Unlike his squad mates in the next installment of the rabidly popular Call of Duty series, he's not adept at sniping enemy combatants or piloting drones. He can't even pick up a gun.
Call of Duty: Ghosts isn't due until Nov. 5, but Riley has become the breakout star of the military shoot-'em-up. He even has an unofficial Twitter account, @CollarDuty.
Riley is a dog, and he's one of the largest and most popular technological leaps forward in the next generation of Call of Duty.
Never miss a local story.
After footage released this year revealed that Ghosts would feature a four-legged soldier, the Internet uniformly wagged its tail in anticipation. The mere tease of a canine character inspired fan art, doggy cosplay and the unofficial Twitter account, which has attracted more than 28,000 followers.
Ghosts executive producer Mark Rubin said during a recent visit to developer Infinity Ward's offices that the German shepherd originated as an idea on a note card during a brainstorming session. The developers didn't actually know anything about military service dogs, just that unleashing one on the Activision Blizzard Inc. franchise was "a cool idea."
Call of Duty fans drooled over Riley again last month when a new trailer for Ghosts featured him lunging at a helicopter, taking a bite out of the human pilot and bringing the chopper whirling down to the ground. As Riley's fame unexpectedly surged online, Rubin said the developers' inclination was to let the game go to the dog.
"There was a risk of shoehorning the dog into scenes where he wasn't originally going to be," he said. "Fortunately, that only lasted for a few weeks and everybody got back to concentrating on making the game. It's great that Riley is so popular, but let's focus on the game. Let's have Riley make sense and not just put him in space or in a scuba suit."
While canine companions have been featured in many games — from Fable II to Grand Theft Auto V — the developers of Ghosts set out to create more than another best friend. They wanted a hero, a dog that not only would assist players but could be commanded at certain points throughout the single- and multiplayer modes.
Riley is outfitted with several gadgets based on technology employed by his real-world counterparts. For players, Riley's battlefield perspective can be glimpsed through a camera mounted to the back of his tactical suit, and he can receive orders, such as creating distractions or taking down enemies, issued from afar by players.
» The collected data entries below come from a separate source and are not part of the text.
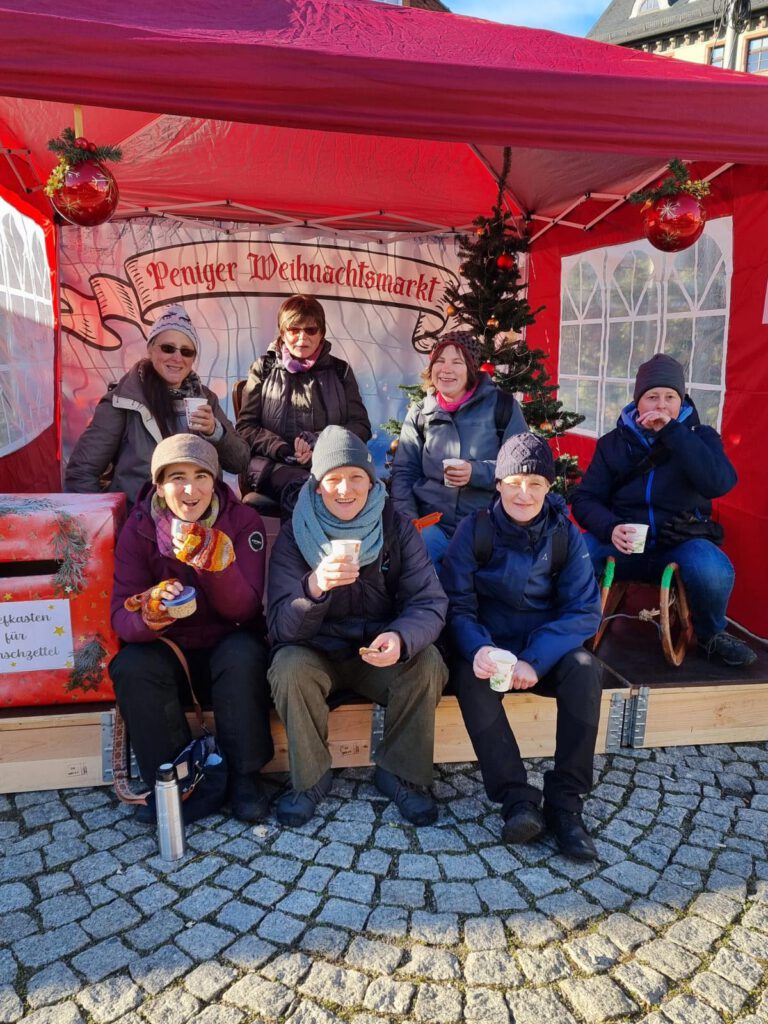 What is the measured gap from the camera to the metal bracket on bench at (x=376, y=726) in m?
3.04

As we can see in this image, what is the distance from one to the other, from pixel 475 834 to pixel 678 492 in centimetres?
199

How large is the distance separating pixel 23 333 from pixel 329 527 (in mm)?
3738

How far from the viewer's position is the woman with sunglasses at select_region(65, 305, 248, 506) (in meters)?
3.60

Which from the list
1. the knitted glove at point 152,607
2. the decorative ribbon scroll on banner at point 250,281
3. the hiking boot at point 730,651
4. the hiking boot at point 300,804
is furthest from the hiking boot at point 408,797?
the decorative ribbon scroll on banner at point 250,281

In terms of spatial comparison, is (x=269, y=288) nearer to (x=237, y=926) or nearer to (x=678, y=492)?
(x=678, y=492)

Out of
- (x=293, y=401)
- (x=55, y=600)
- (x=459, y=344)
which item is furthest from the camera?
(x=293, y=401)

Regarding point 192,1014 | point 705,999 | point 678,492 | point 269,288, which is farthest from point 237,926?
point 269,288

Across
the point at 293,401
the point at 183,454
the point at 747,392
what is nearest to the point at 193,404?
the point at 183,454

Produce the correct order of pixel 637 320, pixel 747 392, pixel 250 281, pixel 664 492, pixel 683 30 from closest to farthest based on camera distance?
pixel 664 492
pixel 747 392
pixel 637 320
pixel 250 281
pixel 683 30

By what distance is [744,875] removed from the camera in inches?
98.3

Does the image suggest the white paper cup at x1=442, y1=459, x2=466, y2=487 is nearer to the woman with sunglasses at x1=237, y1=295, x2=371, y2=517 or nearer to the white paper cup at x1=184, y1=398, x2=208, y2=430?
the woman with sunglasses at x1=237, y1=295, x2=371, y2=517

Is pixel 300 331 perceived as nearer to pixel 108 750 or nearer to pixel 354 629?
pixel 354 629

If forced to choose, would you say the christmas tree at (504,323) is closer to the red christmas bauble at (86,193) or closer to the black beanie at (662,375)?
the black beanie at (662,375)

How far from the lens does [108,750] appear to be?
115 inches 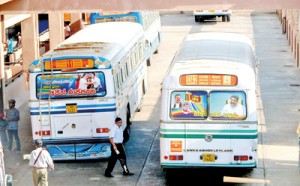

To make Riley as believable as possible, the gamemakers met with a retired Navy SEAL and his former military service dog to learn more about how soldiers and hounds work together. They later cast a pair of pooches, a German shepherd named Ruger and a smaller Belgian Malinois called Rico, to be digitally captured for the game.
Ghosts lead animator Zach Volker said that if players look closely enough, they'll be able to spot the differences between the two dogs portraying Riley
Ruger and Rico were outfitted with custom motion-capture gear made from form-fitting suits intended for dogs with skin conditions.
Rico provided the biting and tackling, and Ruger performed the movements. Chris Connell, Ruger's trainer, said during a demonstration of his abilities at Neversoft this month that the biggest challenge for the schutzhund competition champion — that's German for "protection dog" — was playing make-believe.
"In this environment, we didn't have trees or grass," said Connell. "It was like, 'OK, Ruger. Pretend we're in a desert area and act accordingly.' Ruger is like, 'Dude, this is a studio with mats like people do exercises on at the gym, and there's white lines on the ground.' Just trying to get him to act as if it was a real environment was the hardest thing."
The inclusion of a dog in the violent, mature series begs the question: Will Ghosts have an Old Yeller moment?
"Everybody thinks we're going to kill the dog," said Rubin. "Maybe that's the expected thing we would do, so maybe it's not what we'll do? We'll see. People around here didn't know, and they had that same sentiment: 'We better not kill the dog.' The emotional investment for the dog here has been just as strong as what's happening out in the public."